Determining the Prevalence of Ebox Varients

The Ebox (CA**NN**TG) had 10 variants. We determined the prevalence of each variant for each set of key peaks. The prevalence was represented as the ratio of peaks containing the Ebox variant and the total number of peaks in the key peak set.

Motif De Novo Search and Annotation.

The Homer (v4.7) denvo algorithm was used to identify enriched motifs. Motifs were identified independently with fixed lengths of 6,7, and 8bp. The control set used when identifying enriched motifs consisted of peaks that fell within 0.25 standard deviations of the mean of each relevant PCV.

The STAMP webservice was used to annotate the motifs. The PCC was used as the column comparison metric, and the Ungapped Smith-Waterman algorithm was used as the alignment method. Both the TRANSFAC and JASPAR motif databases were used in the analysis.

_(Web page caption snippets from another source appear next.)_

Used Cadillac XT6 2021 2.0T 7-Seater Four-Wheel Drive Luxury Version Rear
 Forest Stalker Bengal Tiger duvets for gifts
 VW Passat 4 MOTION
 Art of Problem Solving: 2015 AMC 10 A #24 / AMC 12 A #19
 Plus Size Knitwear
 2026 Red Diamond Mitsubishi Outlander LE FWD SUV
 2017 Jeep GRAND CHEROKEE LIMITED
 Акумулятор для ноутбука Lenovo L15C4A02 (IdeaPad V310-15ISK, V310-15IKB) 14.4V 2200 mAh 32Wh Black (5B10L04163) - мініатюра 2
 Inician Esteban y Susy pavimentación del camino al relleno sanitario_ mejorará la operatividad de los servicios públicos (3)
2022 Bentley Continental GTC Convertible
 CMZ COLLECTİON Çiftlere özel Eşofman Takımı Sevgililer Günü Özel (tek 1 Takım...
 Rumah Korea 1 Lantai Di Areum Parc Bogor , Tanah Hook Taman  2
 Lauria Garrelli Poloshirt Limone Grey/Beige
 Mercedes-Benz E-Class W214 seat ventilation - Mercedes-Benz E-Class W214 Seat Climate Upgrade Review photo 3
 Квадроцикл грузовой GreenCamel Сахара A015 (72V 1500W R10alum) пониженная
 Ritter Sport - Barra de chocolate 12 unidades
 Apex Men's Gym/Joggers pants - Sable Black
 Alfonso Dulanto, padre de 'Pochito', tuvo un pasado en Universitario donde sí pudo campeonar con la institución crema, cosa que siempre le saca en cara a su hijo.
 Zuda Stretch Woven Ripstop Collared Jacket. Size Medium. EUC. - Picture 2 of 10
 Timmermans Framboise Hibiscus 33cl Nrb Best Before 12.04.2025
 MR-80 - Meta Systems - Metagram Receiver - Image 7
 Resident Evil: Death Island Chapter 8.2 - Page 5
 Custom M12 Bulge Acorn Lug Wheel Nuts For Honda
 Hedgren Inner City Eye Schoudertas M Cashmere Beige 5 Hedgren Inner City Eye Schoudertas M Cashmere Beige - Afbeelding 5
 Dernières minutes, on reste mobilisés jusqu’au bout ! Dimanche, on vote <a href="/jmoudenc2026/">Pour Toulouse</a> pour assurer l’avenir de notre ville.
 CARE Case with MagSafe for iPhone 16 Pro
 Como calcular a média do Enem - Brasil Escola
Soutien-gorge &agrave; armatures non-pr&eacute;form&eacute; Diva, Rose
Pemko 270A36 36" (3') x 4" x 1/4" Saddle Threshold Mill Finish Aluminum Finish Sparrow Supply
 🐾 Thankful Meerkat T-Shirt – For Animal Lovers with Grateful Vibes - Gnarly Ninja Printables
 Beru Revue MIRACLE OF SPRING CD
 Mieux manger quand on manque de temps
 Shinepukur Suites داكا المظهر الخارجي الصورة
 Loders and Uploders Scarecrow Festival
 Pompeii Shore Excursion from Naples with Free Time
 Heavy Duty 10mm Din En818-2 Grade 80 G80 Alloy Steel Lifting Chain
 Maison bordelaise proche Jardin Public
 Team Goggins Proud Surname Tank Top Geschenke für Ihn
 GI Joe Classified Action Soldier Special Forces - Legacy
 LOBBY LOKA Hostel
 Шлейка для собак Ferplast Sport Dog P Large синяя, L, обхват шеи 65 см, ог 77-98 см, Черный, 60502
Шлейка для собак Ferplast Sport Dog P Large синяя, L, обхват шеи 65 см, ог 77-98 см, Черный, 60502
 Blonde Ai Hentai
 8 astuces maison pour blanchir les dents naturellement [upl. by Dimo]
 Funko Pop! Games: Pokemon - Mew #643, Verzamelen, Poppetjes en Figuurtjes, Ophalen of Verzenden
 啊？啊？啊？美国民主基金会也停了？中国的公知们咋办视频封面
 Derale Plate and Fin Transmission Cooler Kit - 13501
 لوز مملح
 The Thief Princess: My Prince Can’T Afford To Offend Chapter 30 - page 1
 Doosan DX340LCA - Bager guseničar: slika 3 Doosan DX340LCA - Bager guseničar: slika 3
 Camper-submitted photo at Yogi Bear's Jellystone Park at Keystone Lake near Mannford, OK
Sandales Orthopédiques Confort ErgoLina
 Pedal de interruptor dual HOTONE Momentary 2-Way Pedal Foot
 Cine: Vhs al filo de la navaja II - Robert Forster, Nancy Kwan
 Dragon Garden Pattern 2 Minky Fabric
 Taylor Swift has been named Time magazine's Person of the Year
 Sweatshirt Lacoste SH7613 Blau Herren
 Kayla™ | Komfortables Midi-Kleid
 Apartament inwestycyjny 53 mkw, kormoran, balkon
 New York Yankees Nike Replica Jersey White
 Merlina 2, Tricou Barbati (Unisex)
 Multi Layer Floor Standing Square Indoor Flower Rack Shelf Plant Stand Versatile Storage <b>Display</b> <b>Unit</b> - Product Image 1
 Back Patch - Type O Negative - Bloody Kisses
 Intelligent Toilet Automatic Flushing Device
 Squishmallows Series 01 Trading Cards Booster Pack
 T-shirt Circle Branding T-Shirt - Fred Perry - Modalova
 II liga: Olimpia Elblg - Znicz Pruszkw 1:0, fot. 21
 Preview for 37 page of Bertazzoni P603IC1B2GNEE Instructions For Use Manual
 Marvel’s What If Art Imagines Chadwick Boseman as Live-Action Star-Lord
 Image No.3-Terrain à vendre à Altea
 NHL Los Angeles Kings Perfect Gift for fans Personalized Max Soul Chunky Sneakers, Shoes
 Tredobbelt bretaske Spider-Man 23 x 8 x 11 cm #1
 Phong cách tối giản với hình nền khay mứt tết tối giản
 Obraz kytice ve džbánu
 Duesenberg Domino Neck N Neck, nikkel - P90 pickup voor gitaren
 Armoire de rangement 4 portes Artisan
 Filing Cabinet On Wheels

Identifying Composite Motifs

The occurrence of known composite motifs, principally Ebox varients and Gata, were determined for each set of key peaks. Novel preferred distances between motifs were discovered by pairwise investigation of motif locations under sets of key peaks. Motifs that were both present in more than 50 key peaks were compared. The frequency of occurrence for the distance between motif start sites was plotted for a range from -100 to 100 bp. Pairs were flagged if significant frequency outliers were observed. The distance with the greatest frequency was defined as the preferred distance.

Gene Association

The GREAT Basal Plus Extension algorithm was used to associate peaks with genes. The basal region extended 5kbp upstream and 1kbp downstream of each gene’s transcription start site. The distal regions extended to the nearest basal region or a maximum of 1Mbp. The peaks were associated with the hg19 Refseq gene list.

Gene Ontology

DAVID was used for GO, following the May 2016 database update. GO terms from the Biological Process and Molecular Function categories were found for each set of genes associated to key peaks. Metascape was used to generate the GO term networks directly from the associated genes. A p-value cut off of 0.1 was used to restrict the number of genes displayed in the network.